O GOVERNO LULA ESCOLHE O SEU LADO: O DE BRILHANTE USTRA (artigo de 23/10/2008)
Se ainda havia alguma dúvida quanto à posição do Governo Lula diante da ditadura de 1964/85 e as atrocidades por ela cometidas, agora deixou de existir: coloca-se mesmo ao lado dos totalitários.
Quem fala por Lula é o ministro das Minas e Energia Edison Lobão, que acaba de fazer rasgados elogios ao período de arbítrio, questionando até seu caráter de uma verdadeira ditadura; e o ministro da Defesa Nelson Jobim, que se manifesta e age como porta-voz no governo dos contingentes mais intransigentes das Forças Armadas.

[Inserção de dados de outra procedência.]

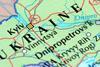 Positioning for a potential Russia-Ukraine war ceasefire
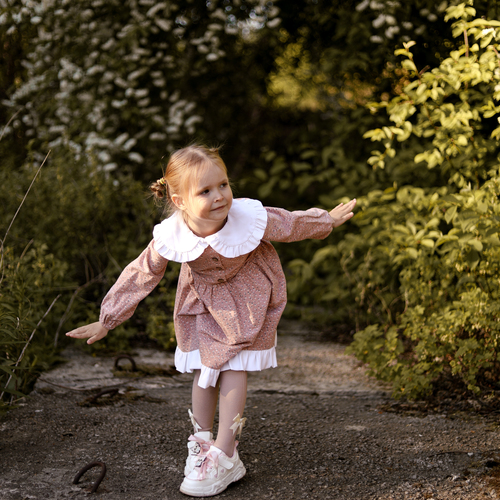 Photo #13777841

Tarso Genro e Paulo Vannuchi, respectivamente ministro da Justiça e secretário nacional de Direitos Humanos, sofreram uma derrota acachapante com a decisão tomada pela União de assumir a defesa dos ex-comandantes do DOI-Codi/SP, Carlos Alberto Brilhante Ustra e Audir dos Santos Maciel, no processo que lhes-é movido pelos procuradores federais Marlon Weichert e Eugênia Fávero.
Os procuradores pleitearam a responsabilização pecuniária desses militares da reserva pelas mortes e sevícias ocorridas durante o período de 1970/76, quando estiveram à frente daquele centro de torturas. Ou seja, que fossem declarados culpados pelos crimes e práticas hediondas cometidos sob seu comando e repusessem tudo que a União despendeu em reparações a suas vítimas.
Dos 6.897 cidadãos que passaram pelas garras do DOI-Codi/SP, a grande maioria sofreu as torturas costumeiras (choques elétricos, espancamentos, pau de arara, afogamentos, asfixia, etc.), acrescidas de uma exclusividade da casa: a cadeira-do-dragão.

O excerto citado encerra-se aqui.